JRC-Acquis, how to convert to tmx
Thread poster: Magdalena Kowalska

Magdalena Kowalska  Identity Verified
United Kingdom
Local time: 01:15
Polish to English
+ ...
Dec 13, 2015

Hi,

I've downloaded the already aligned files from https://ec.europa.eu/jrc/en/language-technologies/jrc-acquis. Now, I need to convert those xml files to nything my memoq can process, like csv, if not directly to tmx.

How do I go about it? I've tried all online xml-csv converters I could find, but the files are too big for them to work.

Has anyone succeeded in using the JRC texts with their cat tool?

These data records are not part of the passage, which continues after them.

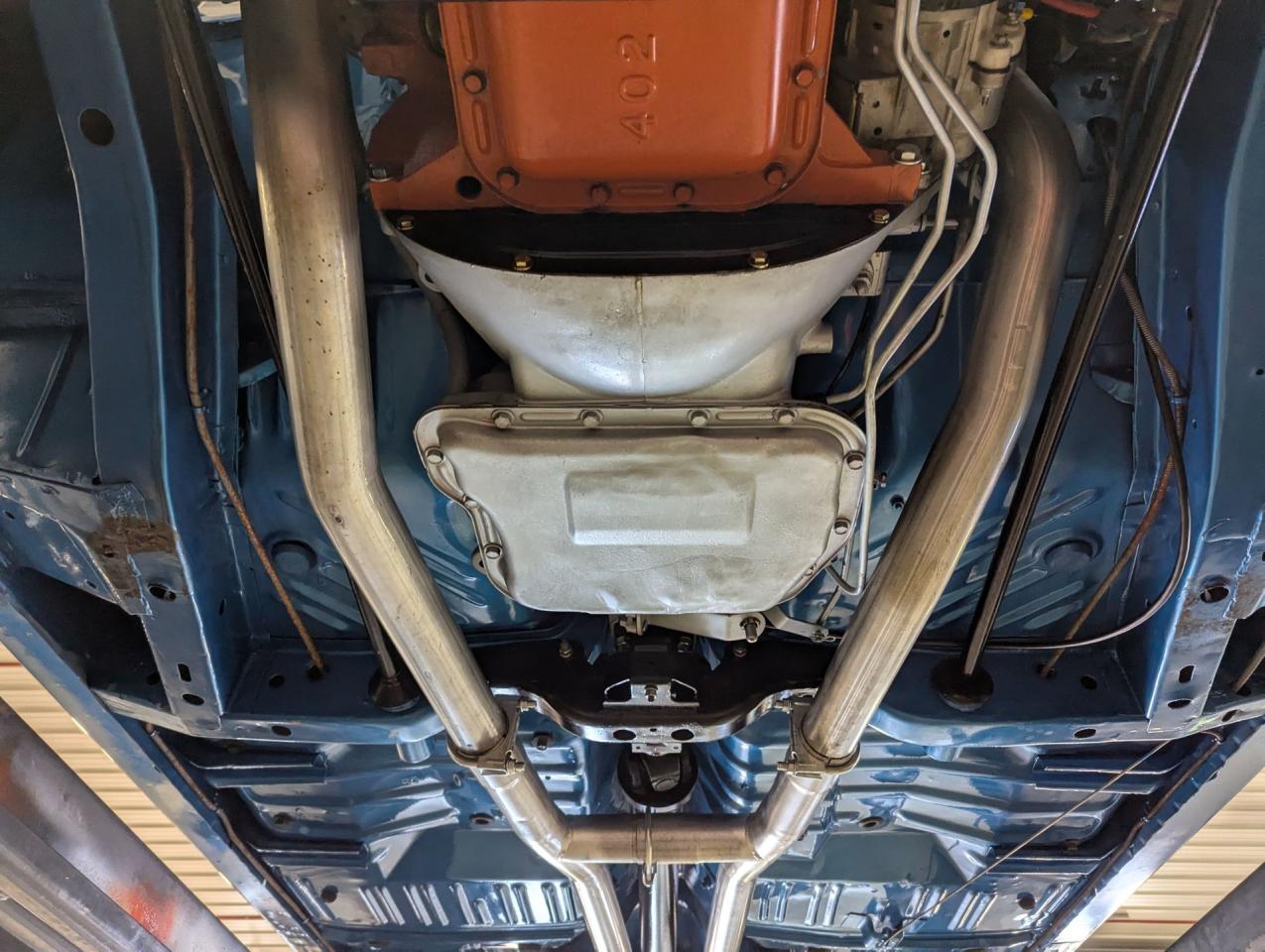 1970 Plymouth Road Runner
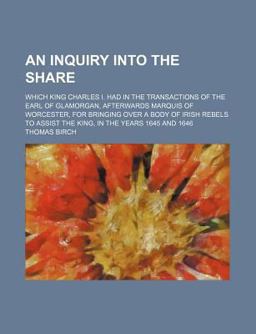 An Inquiry into the Share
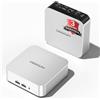 GEEKOM A5 Pro Mini PC per Smart Working con AMD Ryzen 5 7430U,16GB RAMRAM Agg...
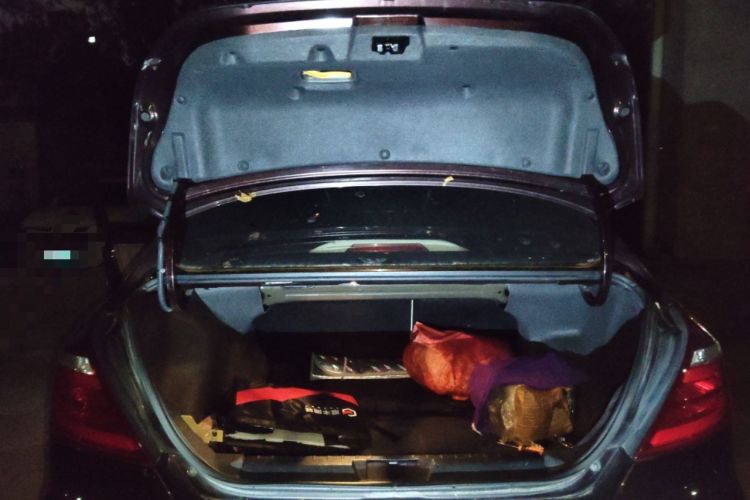 Used Geely Auto Emgrand 2017 Sedan Million Edition 1.5L Manual Luxury Model
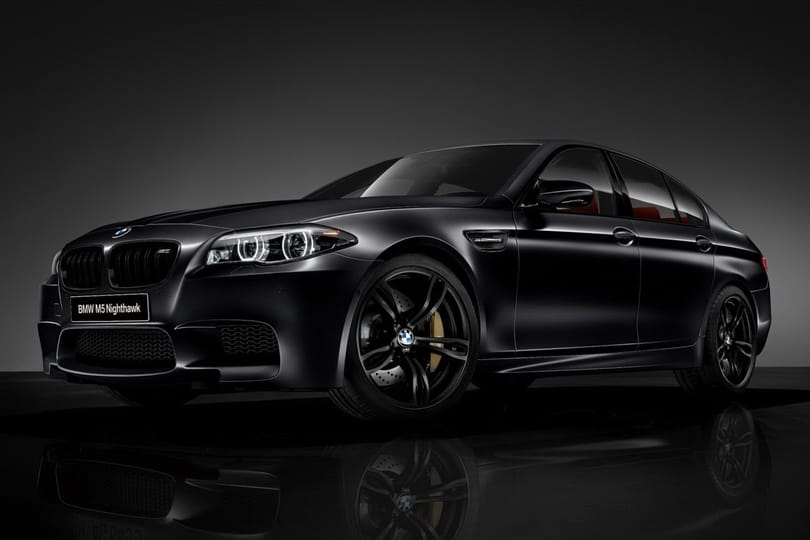 Ebből a BMW M5-ből összesen tíz készül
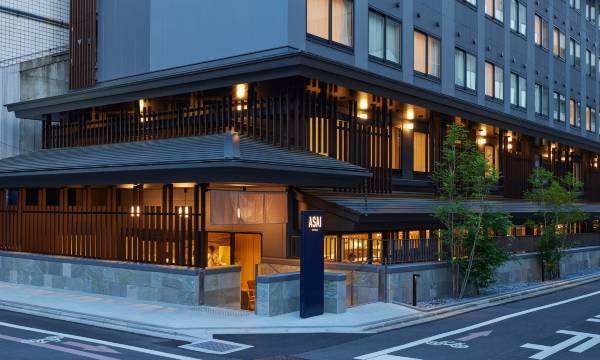 Asai Kyoto Shijo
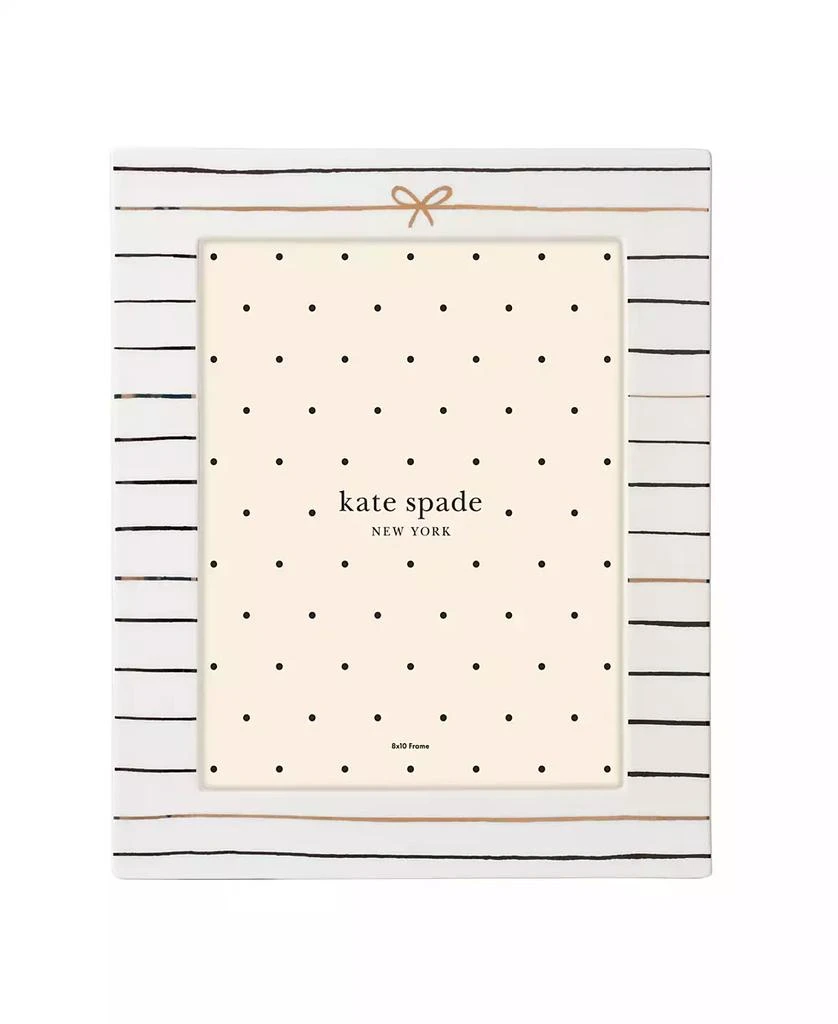 商品Kate Spade|Charmed Life Frame, 8x10,价格¥473,第1张图片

Direct link Reply with quote
 

Michael Joseph Wdowiak Beijer  Identity Verified
United Kingdom
Local time: 00:15
Member (2009)
Dutch to English
+ ...
two tips Dec 13, 2015

Magdalena Kowalska wrote:

Hi,

I've downloaded the already aligned files from https://ec.europa.eu/jrc/en/language-technologies/jrc-acquis. Now, I need to convert those xml files to nything my memoq can process, like csv, if not directly to tmx.

How do I go about it? I've tried all online xml-csv converters I could find, but the files are too big for them to work.

Has anyone succeeded in using the JRC texts with their cat tool?


I suggest getting Andras Farkas’s collection. For a small fee, he will supply you with the ultimate EU collection of TMXs, or in any other format you might want: http://www.farkastranslations.com/eu_translation_memories.php

The best place to start if you want to get the DGT/JRC stuff directly from the EU is here:

https://ec.europa.eu/jrc/en/language-technologies/dgt-translation-memory

[Edited at 2015-12-13 17:36 GMT]

[Edited at 2015-12-13 17:37 GMT]


Direct link Reply with quote
 

Emma Goldsmith  Identity Verified
Spain
Local time: 01:15
Member (2010)
Spanish to English
And a third tip Dec 13, 2015

Dominique Pivard posted a useful video on the DGT TM here:

https://www.youtube.com/watch?v=GNj07W2ZqhQ


Direct link Reply with quote
 

Blaž Košir
Slovenia
Local time: 01:15
English to Slovenian
+ ...
Try here Dec 13, 2015

Try here: http://www.ttmem.com/terminology/download-translation-memory/european-commission-translation-memory/

Direct link Reply with quote
 

Magdalena Kowalska  Identity Verified
United Kingdom
Local time: 01:15
Polish to English
+ ...
TOPIC STARTER
Thanks Dec 16, 2015

I actually did that already a few years ago.. downloading, aligning with that tool, etc. Jut wasn't sure it is still the same TM. It is worth to add the 2015 additions though, which I'm doing right now.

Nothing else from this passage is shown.